The African collection
It started with a few artefacts from Central Africa and Somalia donated by Émile Guimet then a South African collection purchased in 1879. Over time, it grew thanks to private collectors with links to the Muséum d’Histoire Naturelle de Lyon (i.e. Lyon natural history museum) and colonial administration networks.
The largest set is from Madagascar, based on Charles Renel’s large collection, put together before 1925 and updated in 2018 with a collection of contemporary pearls. The Ivory Coast is also very well represented with masks, spoons and statuettes acquired in the 1930s-1940s, and Senufo and Dan works purchased more recently. North Africa is illustrated with furnishings collected by the artists Jean and Marie Caire as well as sets of pottery fashioned and glazed in Morocco and Tunisia. Via the deposit by the Society for the Propagation of the Faith, the museum conserves remarkable artefacts from the second half of the 19th century originally from Gulf countries, Guinea, and Central Africa as well as territories rarely represented in French collections, such as Tanzania or Uganda.
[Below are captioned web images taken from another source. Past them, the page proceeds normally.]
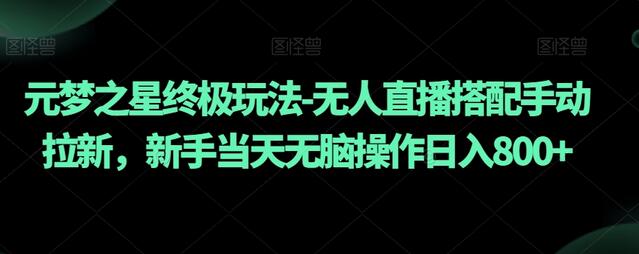 元梦之星终极玩法-无人直播搭配手动拉新，新手当天无脑操作日入800+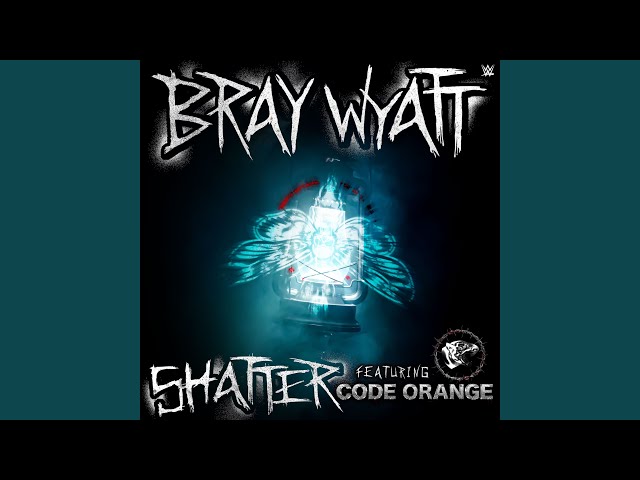 WWE: Shatter (Bray Wyatt) [feat. Code Orange]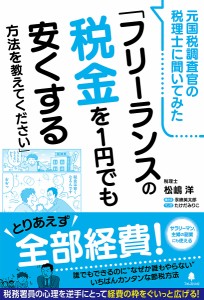 元国税調査官の税理士に聞いてみた「フリーランスの税金を1円でも安くする方法を教えてください」 松嶋洋 永峰英太郎 たけだみりこ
In 2000, the Africa department was gifted more than 700 additional everyday items by Denise and Michel Meynet. More recently, it received a number of major donations: Tuareg jewellery from Masnat (non-profit organisation), sub-Saharan ceramics from ARgile (another NPO), headdresses collected by Antoine de Galbert, Nigerian masks and statuettes from Ewa and Yves Develon as well as textiles and wrought ironwork purchased in the field by the anthropologist Françoise Héritier from the San (Samo) people of Burkina Faso.